Une nouvelle session de réflexion stratégique à Djamdè
Le gouvernement togolais a ouvert, le 11 juin à Djamdè dans la préfecture de la Kozah, son deuxième séminaire gouvernemental de l’année. Cette rencontre de deux jours rassemble les membres de l’exécutif autour des grandes orientations qui doivent guider le développement économique et social du pays au cours des prochaines années.
Présidés par le Président du Conseil, Faure Essozimna Gnassingbé, les travaux portent principalement sur les stratégies à mettre en place pour renforcer la croissance économique, améliorer les conditions de vie des populations et réduire durablement la pauvreté.
L’objectif est également de finaliser les grandes lignes de la feuille de route gouvernementale 2026-2031 qui définira les principales priorités de l’action publique pour les années à venir.
Doubler le niveau de vie des populations
Parmi les ambitions affichées figure la volonté de doubler le niveau de vie moyen des Togolais d’ici à 2040.
Les autorités souhaitent également faire reculer fortement la pauvreté et ramener son incidence à moins de 15 % sur l’ensemble du territoire national.
Ces objectifs traduisent la volonté du gouvernement de créer une croissance plus inclusive, capable d’améliorer concrètement les conditions de vie des populations et de favoriser un développement plus équilibré.
Selon les responsables, cette ambition nécessitera des réformes profondes ainsi qu’une mobilisation importante des ressources publiques et privées.
Une feuille de route tournée vers les résultats
Les échanges engagés pendant ce séminaire visent à renforcer la cohérence des politiques publiques et à identifier les actions les plus efficaces pour atteindre les objectifs fixés.
L’accent est mis sur la nécessité de transformer les grandes orientations en projets concrets, financés et suivis de manière rigoureuse.
Le gouvernement entend également définir des responsabilités précises pour chaque secteur afin d’assurer une meilleure coordination de l’action publique et une évaluation régulière des résultats obtenus.
L’idée est de faire en sorte que les politiques publiques produisent des effets visibles et mesurables pour les citoyens.

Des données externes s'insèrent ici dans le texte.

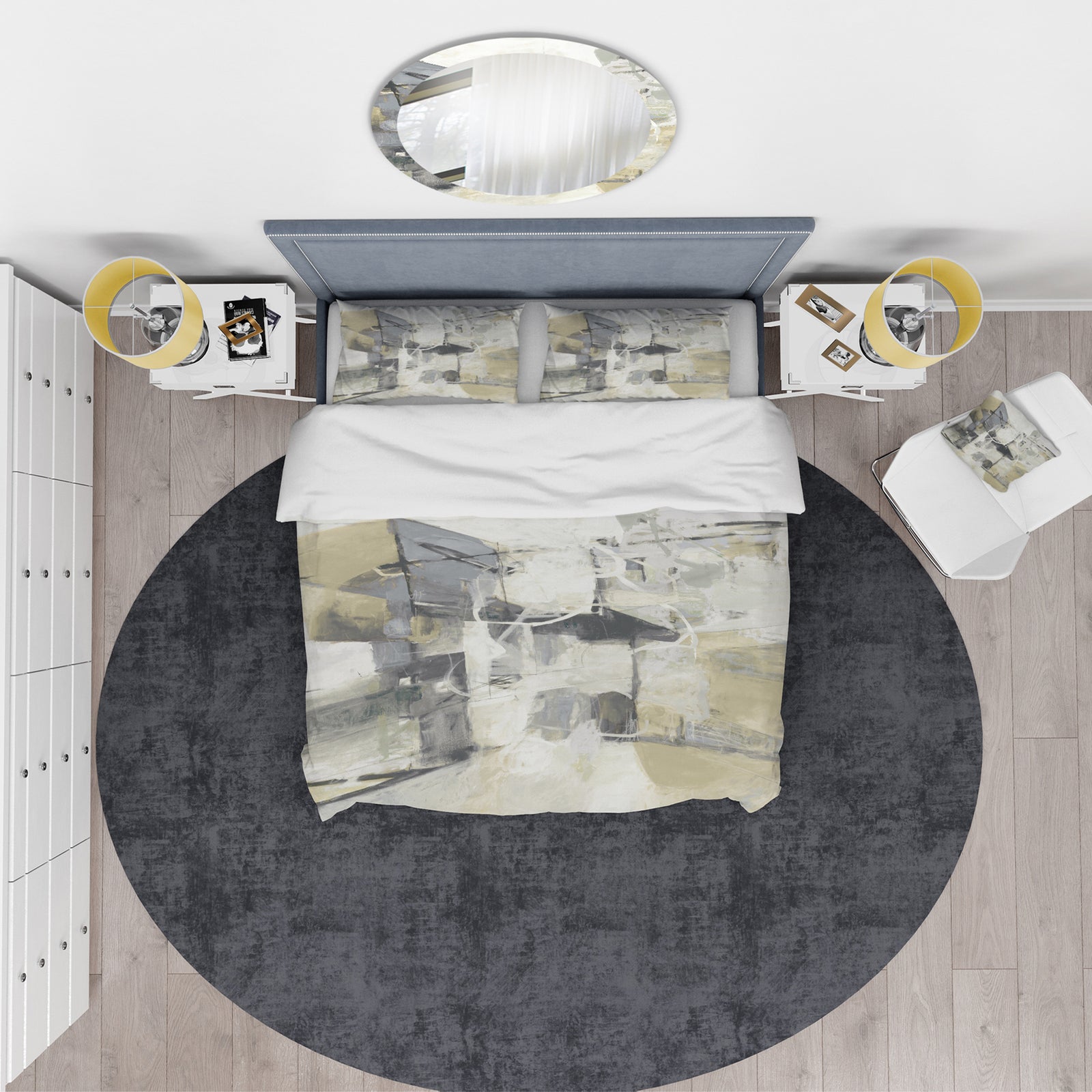Glam Cream Dream IV - Glam Duvet Cover Set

Une approche globale du développement
Les autorités défendent une vision intégrée du développement dans laquelle plusieurs secteurs doivent évoluer simultanément.

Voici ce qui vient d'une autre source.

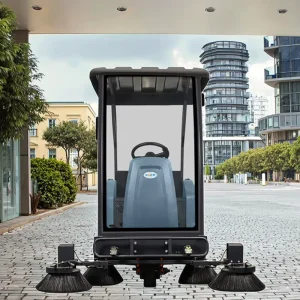 Automatic Electric 48V Industrial Ride-On Street Sweeper for Road Cleaning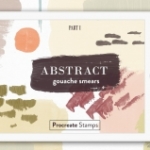 Procreate APP笔刷-165个抽象水粉纹理Procreate APP画笔下载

L’agriculture, les infrastructures, l’énergie, la formation, l’investissement privé et le financement sont considérés comme des leviers complémentaires qui doivent être développés ensemble pour produire des résultats durables.

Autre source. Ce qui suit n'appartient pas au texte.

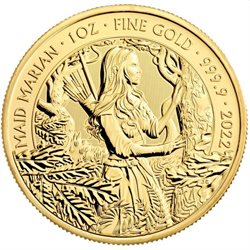 Großbritannien - MAID MARIAN, 1 oz Gold Bullion, 2022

Cette approche vise à renforcer les capacités de production du pays, créer davantage d’emplois et améliorer les opportunités économiques dans toutes les régions.
Le gouvernement estime qu’aucun secteur ne peut, à lui seul, porter durablement la transformation économique du pays.
Des expériences internationales mises à contribution
Pour nourrir les réflexions, les participants s’appuient sur plusieurs études et diagnostics réalisés avec l’appui de partenaires internationaux.
Les expériences réussies de différents pays ayant connu une forte transformation économique sont également examinées afin d’identifier les bonnes pratiques pouvant être adaptées au contexte togolais.
Cette démarche vise à construire une stratégie réaliste, fondée sur des analyses concrètes et sur les enseignements tirés d’autres expériences de développement.
Une vision inscrite dans la continuité des réformes
Ce deuxième séminaire gouvernemental s’inscrit dans la continuité des travaux engagés lors de la précédente session organisée en avril.
Il participe également à la mise en œuvre de la vision gouvernementale articulée autour du triptyque « Rassembler, Protéger et Transformer », présenté comme le socle des politiques publiques et des grandes réformes engagées par les autorités.
À travers cette nouvelle phase de réflexion, le gouvernement entend poser les bases d’une croissance durable, favoriser la création d’emplois et renforcer les actions destinées à améliorer le bien-être des populations à l’horizon 2040.